- Exercise directions: Below are lines of data; restate word for word those running from the line containing "2-i-1-T-shirt med tryck och logotyp för barn" to the line containing "Flag New Zealand", inclusive, and no others.

- Data listing:
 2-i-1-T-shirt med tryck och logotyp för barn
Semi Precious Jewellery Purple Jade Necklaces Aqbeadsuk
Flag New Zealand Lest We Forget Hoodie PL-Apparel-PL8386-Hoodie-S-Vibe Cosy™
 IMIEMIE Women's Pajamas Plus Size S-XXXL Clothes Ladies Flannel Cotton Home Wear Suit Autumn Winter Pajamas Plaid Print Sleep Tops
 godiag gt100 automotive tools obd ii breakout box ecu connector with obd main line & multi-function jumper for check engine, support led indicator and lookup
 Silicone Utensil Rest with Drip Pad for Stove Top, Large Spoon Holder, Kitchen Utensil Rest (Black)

...

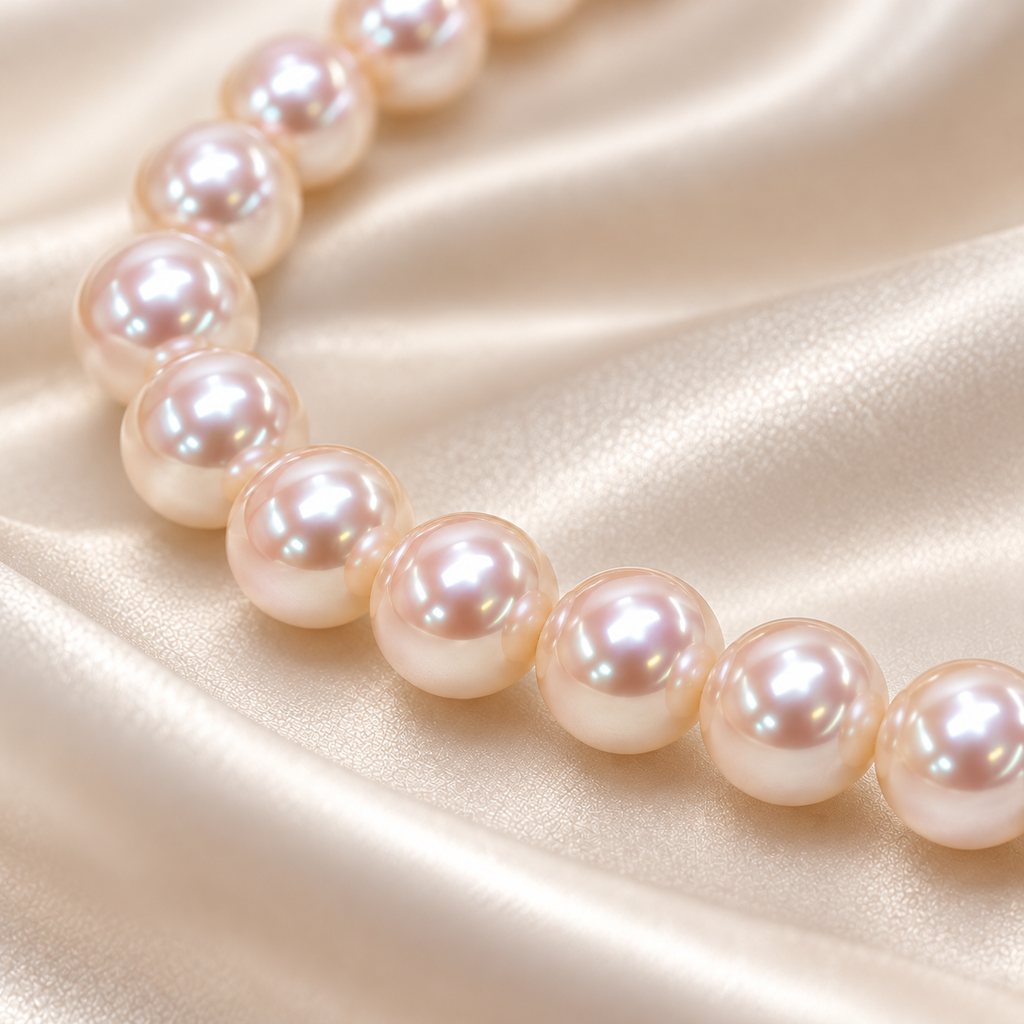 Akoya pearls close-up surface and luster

* * *

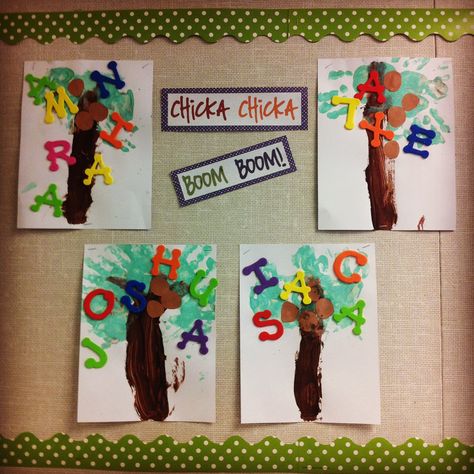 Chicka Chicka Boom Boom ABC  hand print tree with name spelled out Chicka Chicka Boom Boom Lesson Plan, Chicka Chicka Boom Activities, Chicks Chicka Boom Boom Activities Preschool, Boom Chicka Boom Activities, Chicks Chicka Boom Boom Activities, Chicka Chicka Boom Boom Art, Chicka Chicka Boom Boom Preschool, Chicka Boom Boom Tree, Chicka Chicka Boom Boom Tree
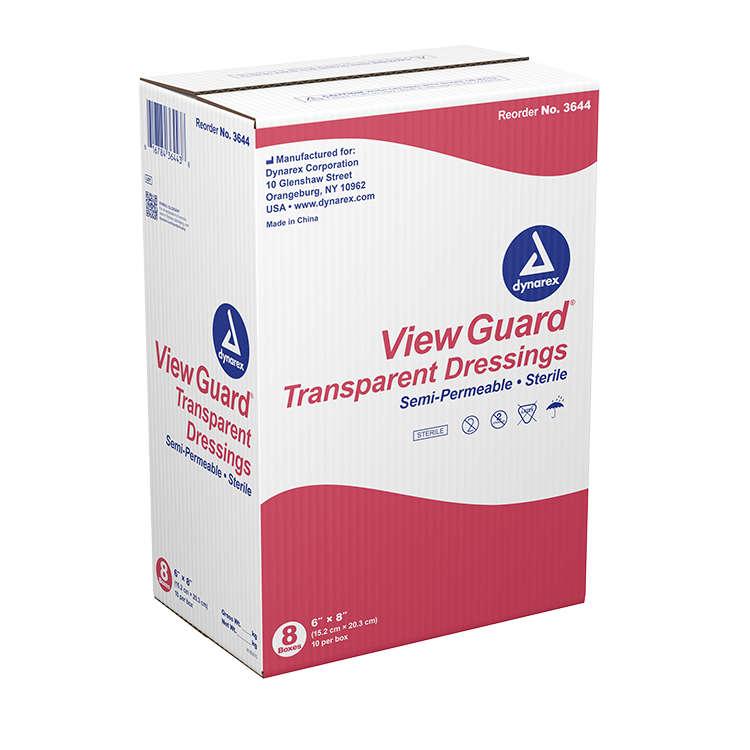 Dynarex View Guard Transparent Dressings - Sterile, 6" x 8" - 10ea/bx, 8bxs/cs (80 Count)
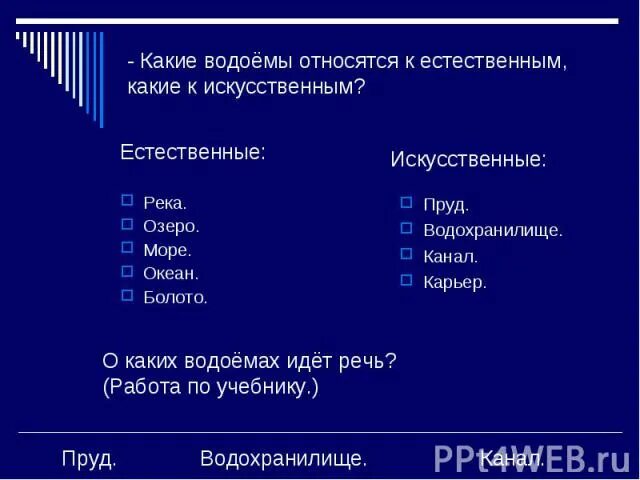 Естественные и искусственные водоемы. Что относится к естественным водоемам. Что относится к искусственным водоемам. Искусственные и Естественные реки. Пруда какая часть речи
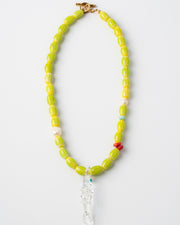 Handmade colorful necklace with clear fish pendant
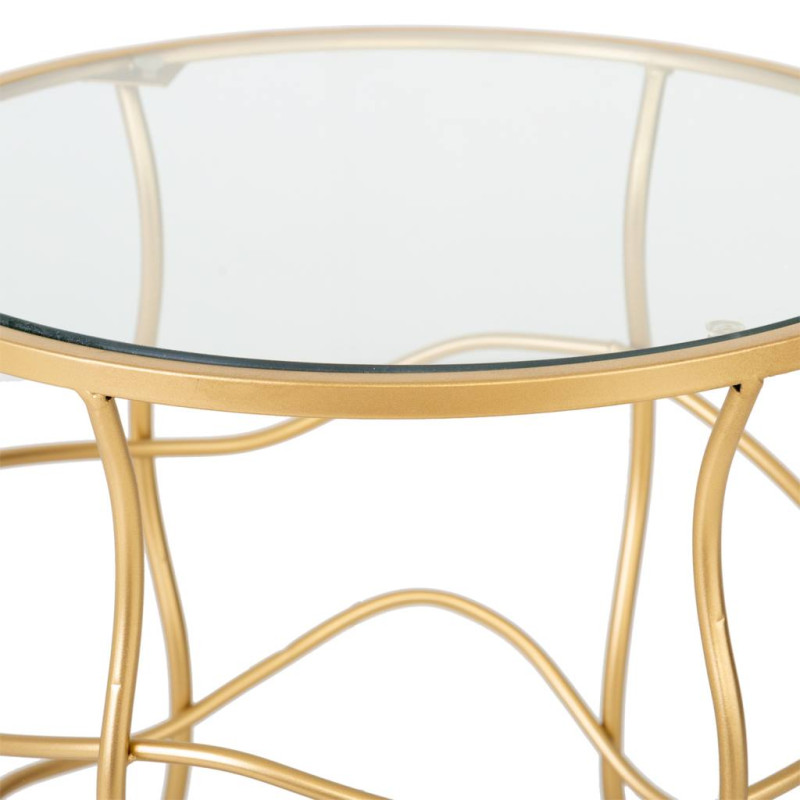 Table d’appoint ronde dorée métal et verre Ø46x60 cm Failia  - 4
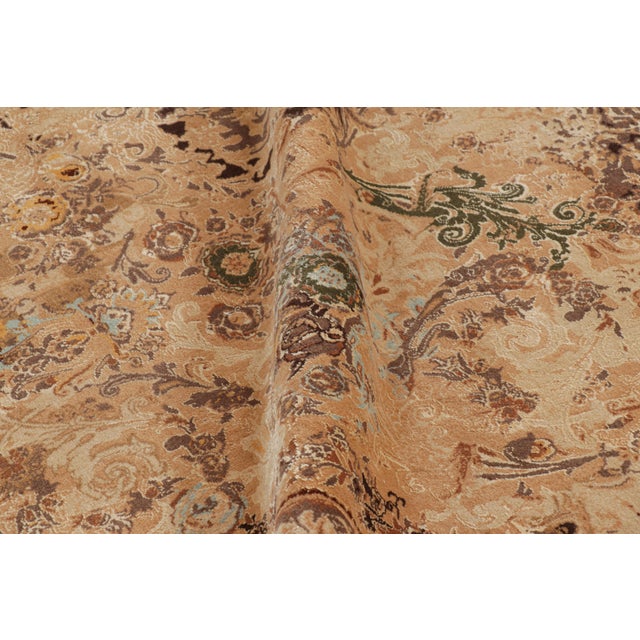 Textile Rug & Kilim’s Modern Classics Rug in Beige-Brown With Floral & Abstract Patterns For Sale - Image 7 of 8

- Written solution:
 2-i-1-T-shirt med tryck och logotyp för barn
Semi Precious Jewellery Purple Jade Necklaces Aqbeadsuk
Flag New Zealand Lest We Forget Hoodie PL-Apparel-PL8386-Hoodie-S-Vibe Cosy™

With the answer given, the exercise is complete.